Larry Lamb will return in the second series of Art Detectives later this year.

In series one of the compelling U+Drama crime show, the 78-year-old actor played Ron, a "highly-rated" forger of paintings, alongside his son, Mick Palmer (Stephen Moyer), who is a Metropolitan Police detective in the Heritage Crime Unit solving murders linked to stolen art, forgeries and treasure.

Appearing on the latest episode of the Beyond the Title podcast, he told host Josh Barry: "That's coming back in, I think, the latter part of the year."

Larry loved the concept of Art Detectives.

He said: "My son in the story, the central character, he got to know about art because he'd spent a lot of his younger years around his dad, the character I play.

"And the character I play is a really, really highly-rated forger of paintings. So the boy is on the other side of the law.

"The father's been hiding away over the years, and he comes back into the son's life."

Larry added: "It's a good, entertaining show. It's a bit of a mystery, and it's a bit of a whodunit. But yeah, it worked really well with audiences, so they're going to go again with it."

As well as Larry and Stephen, Art Detectives - of which the first six-part series aired in October 2025 - also starred Nina Singh (DC Shazia Malik).

Another TV show credit Larry has to his name is the beloved BBC sitcom Gavin and Stacey.

The comedy series - in which he played Mick Shipman, the dad of Gavin Shipman (Mathew Horne), a Billericay, Essex, resident who falls in love with Barry Island, Wales' Stacey West (Joanna Page) - ended on Christmas Day 2024 after a 17-year run.

The finale raked in over 20 million viewers, and the show is still constantly being repeated and streamed.

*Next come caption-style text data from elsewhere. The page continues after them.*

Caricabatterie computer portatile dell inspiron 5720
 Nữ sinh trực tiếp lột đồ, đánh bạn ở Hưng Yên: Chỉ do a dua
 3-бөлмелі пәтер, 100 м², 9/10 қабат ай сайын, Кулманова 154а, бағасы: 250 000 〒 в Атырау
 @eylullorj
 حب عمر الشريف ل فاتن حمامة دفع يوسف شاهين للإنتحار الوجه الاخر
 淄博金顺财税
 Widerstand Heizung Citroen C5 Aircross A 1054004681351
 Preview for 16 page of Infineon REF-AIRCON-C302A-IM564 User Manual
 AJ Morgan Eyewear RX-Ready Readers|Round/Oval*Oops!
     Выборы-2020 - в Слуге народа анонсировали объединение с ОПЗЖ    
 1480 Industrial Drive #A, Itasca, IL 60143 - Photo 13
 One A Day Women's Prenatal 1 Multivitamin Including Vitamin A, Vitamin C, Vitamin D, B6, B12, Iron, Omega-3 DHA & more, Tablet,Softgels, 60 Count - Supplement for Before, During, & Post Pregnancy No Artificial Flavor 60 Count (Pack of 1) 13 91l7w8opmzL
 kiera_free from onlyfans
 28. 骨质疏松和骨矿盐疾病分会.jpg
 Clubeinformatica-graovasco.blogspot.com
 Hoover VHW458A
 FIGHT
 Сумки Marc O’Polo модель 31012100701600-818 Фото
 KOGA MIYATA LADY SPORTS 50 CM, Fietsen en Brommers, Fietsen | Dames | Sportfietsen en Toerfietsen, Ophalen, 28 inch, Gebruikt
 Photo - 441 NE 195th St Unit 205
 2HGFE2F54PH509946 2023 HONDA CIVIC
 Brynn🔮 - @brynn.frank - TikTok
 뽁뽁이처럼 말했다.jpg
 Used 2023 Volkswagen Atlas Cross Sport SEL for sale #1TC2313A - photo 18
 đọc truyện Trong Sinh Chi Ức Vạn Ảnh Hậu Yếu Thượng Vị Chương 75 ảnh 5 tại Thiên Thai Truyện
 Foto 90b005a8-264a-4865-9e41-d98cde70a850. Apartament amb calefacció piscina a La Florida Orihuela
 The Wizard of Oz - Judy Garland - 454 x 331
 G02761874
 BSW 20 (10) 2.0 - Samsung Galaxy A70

And Larry believes the secret to Gavin and Stacey's success is that the viewers feel as though they are part of the Shipman clan, and pals with Gavin, Stacey, Neil 'Smithy' Smith (James Corden), and Vanessa 'Nessa' Jenkins (Ruth Jones).

Discussing why he thinks the show is so popular, Larry said: "It’s because it’s all about love.

"When Ruth and James wrote Gavin and Stacey, they created a family that everyone can belong to. Because everybody wants to be part of a big, loving, extended family, and you can belong to this, right?

"And that's what it was, it was totally inclusive, because it wasn't about people who are, you know, who are pretending to be something. There was no pretending there at all.

"It was so carefully put together with all those characters, and people would say, ‘Oh, it always feels like it's real.’ And that's the skill.

"Another one of these totally unknown skills is that people have to put together a cast of people. They think they just get a bunch of actors. But it's about slotting those people to go in it.

"Finding that couple for playing Gavin and Stacey, who had to fall in love on camera, and you had to believe them falling in love. And if you didn't believe them, there was no story there.

"Well, finding those two people who didn't know each other, never been in a room together, and get them together, and then looking at them thinking, ‘Yep, that's it, we've got Gavin and Stacey there.’ That’s extraordinary.

"They just got it right because they are so canny, those two [James and Ruth]."